• **Problem to solve**
For this exercise, the lines from the one with "C1238 Rock Mold" through the end of the material below must be output exactly, without pictures.

<<<<

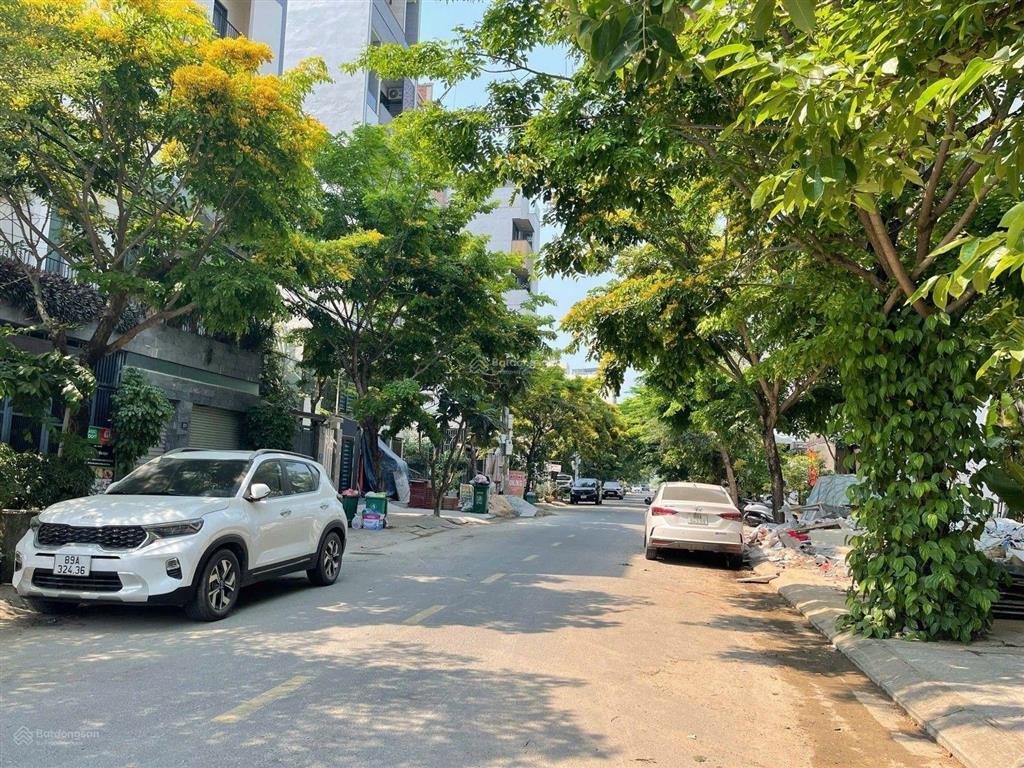 Lô đất đẹp khu vip hòa xuân  mặt tiền cồn dầu 24  kinh doanh tốt  7,9 tỷ  hàng hiếm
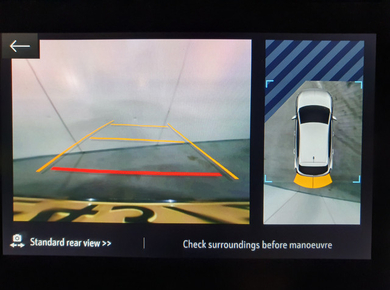 Opel Corsa 1.2 Edition PDC/CAMERA/NAVI/STOELVERW/CRUISE/AIRCO/LMV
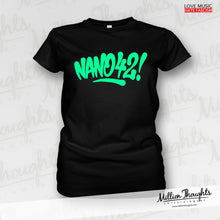 Laden Sie das Bild in den Galerie-Viewer, Nano Boogie#2 GirlShirt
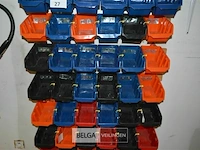 Rekjes (bakjes) met inhoud - afbeelding 3 van  3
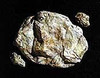 C1238 Rock Mold  Weathered Rock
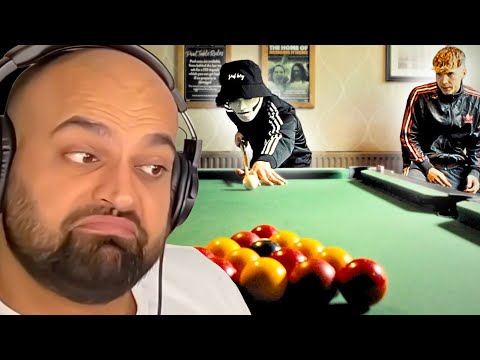 Ren X The Skinner Brothers - TRUTH OR DARE | REACTION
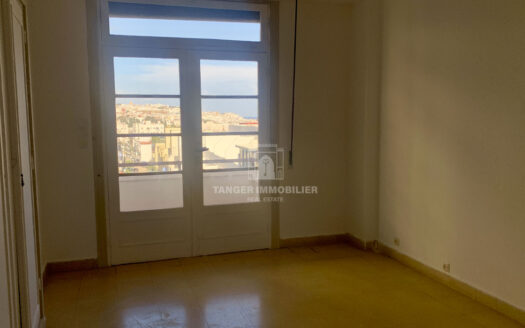 Appartement en centre-ville (Tanger)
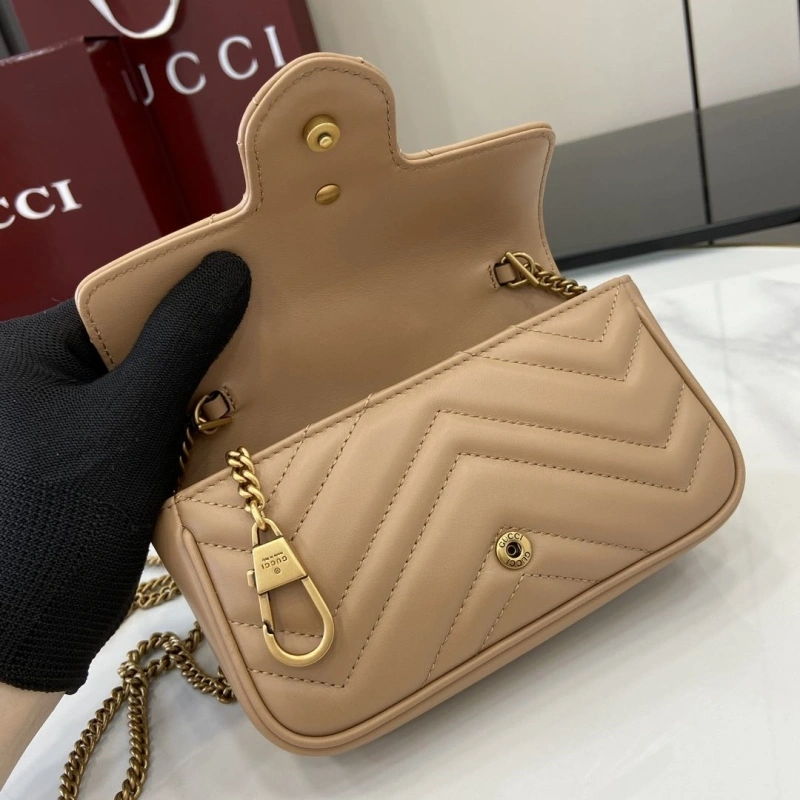 Gxccx Satchel Bags Elegant 39547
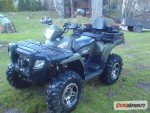 Polaris Sportsman X2 800 EFI
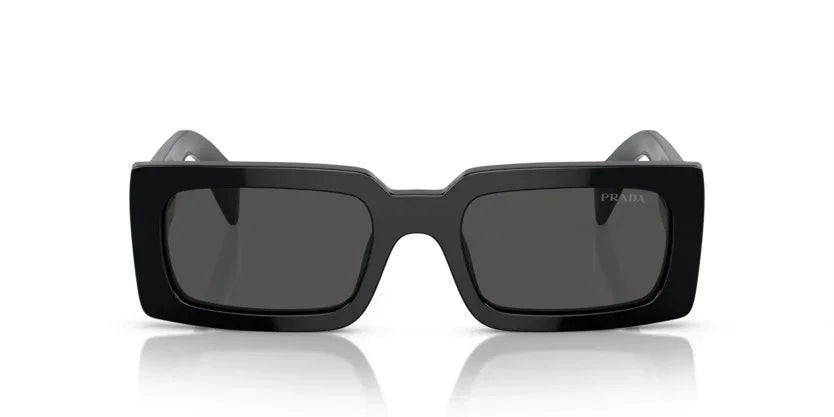 Prada | A07SF | Black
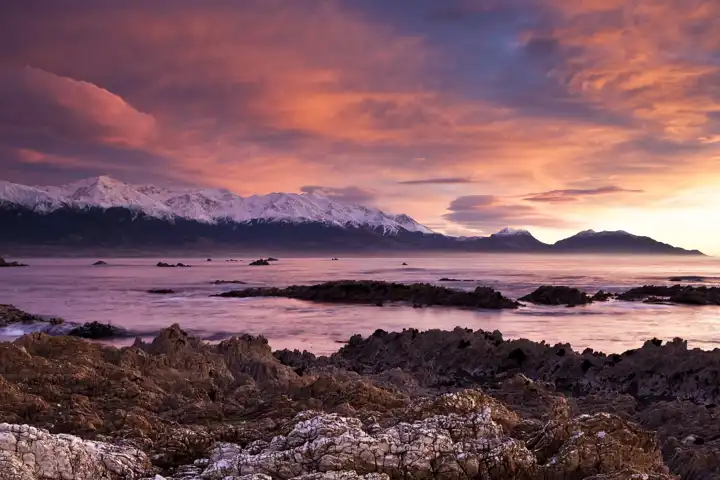 Wonders Of New Zealand HERO Hapukalodge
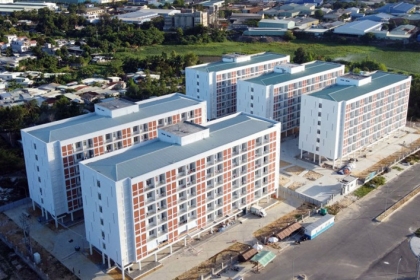 Danh mục các dự án nhà ở xã hội trên địa bàn thành phố Đà Nẵng giai đoạn 2021 - 2025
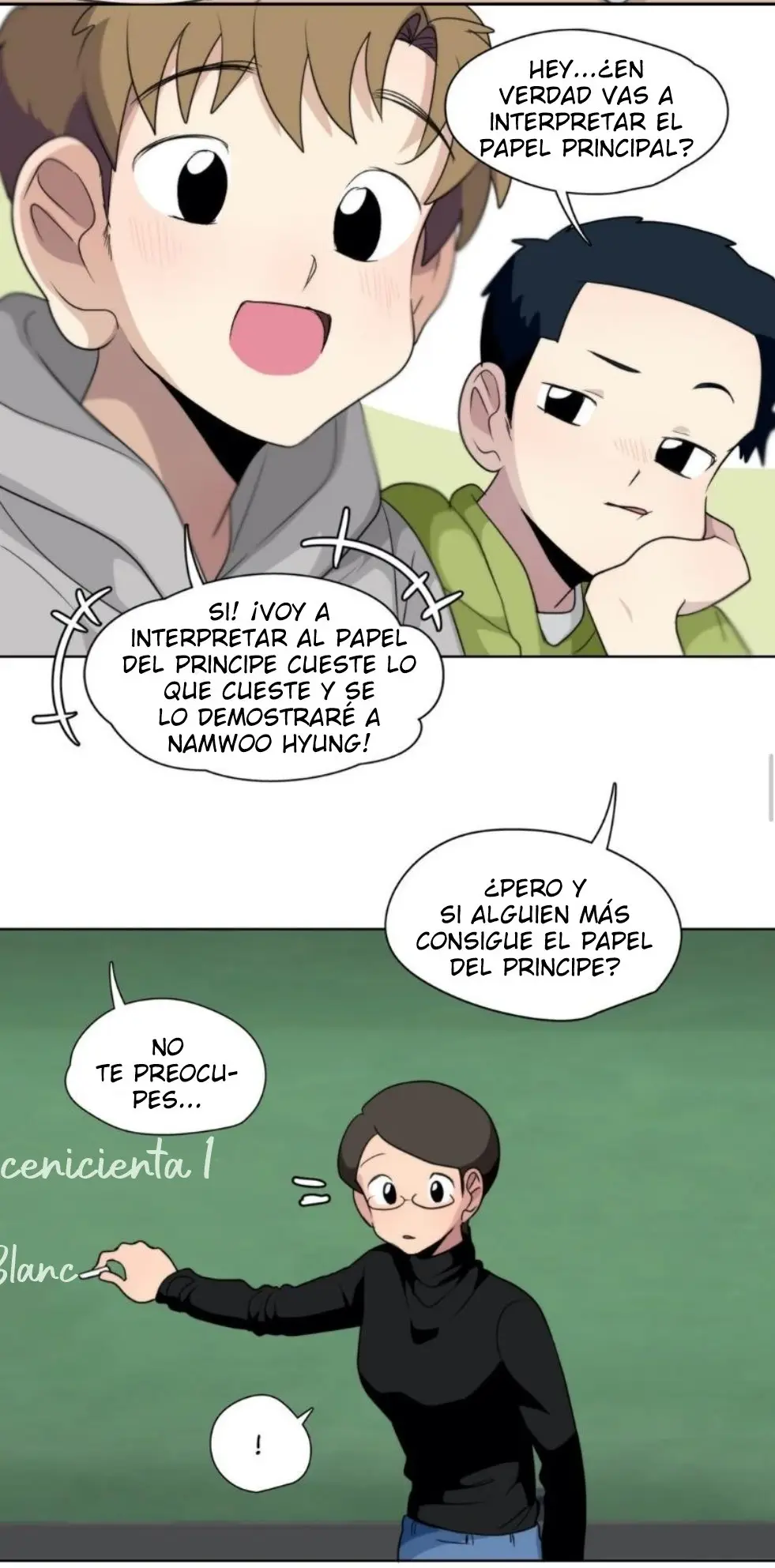 Star x Fanboy (2017) - Capítulo 142 - Página 4 - LectorTMOo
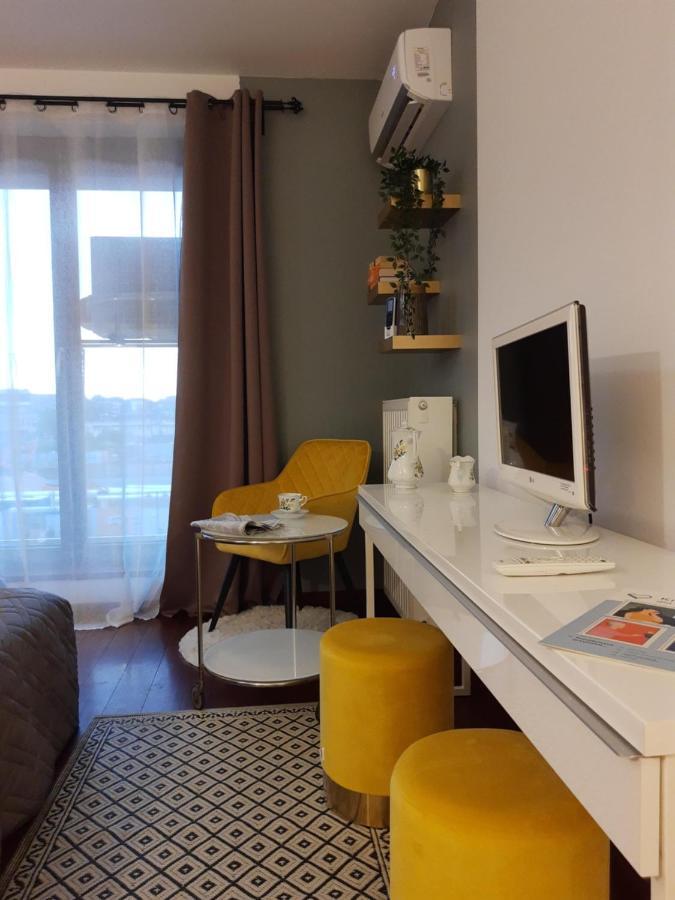 Jm Old Town Apartment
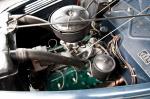 Ford DeLuxe Convertible Coupe 1938 года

>>>>

• **Answer for this exercise**
 C1238 Rock Mold  Weathered Rock
 Ren X The Skinner Brothers - TRUTH OR DARE | REACTION
 Appartement en centre-ville (Tanger)
 Gxccx Satchel Bags Elegant 39547
 Polaris Sportsman X2 800 EFI
 Prada | A07SF | Black
 Wonders Of New Zealand HERO Hapukalodge
 Danh mục các dự án nhà ở xã hội trên địa bàn thành phố Đà Nẵng giai đoạn 2021 - 2025
 Star x Fanboy (2017) - Capítulo 142 - Página 4 - LectorTMOo
 Jm Old Town Apartment
 Ford DeLuxe Convertible Coupe 1938 года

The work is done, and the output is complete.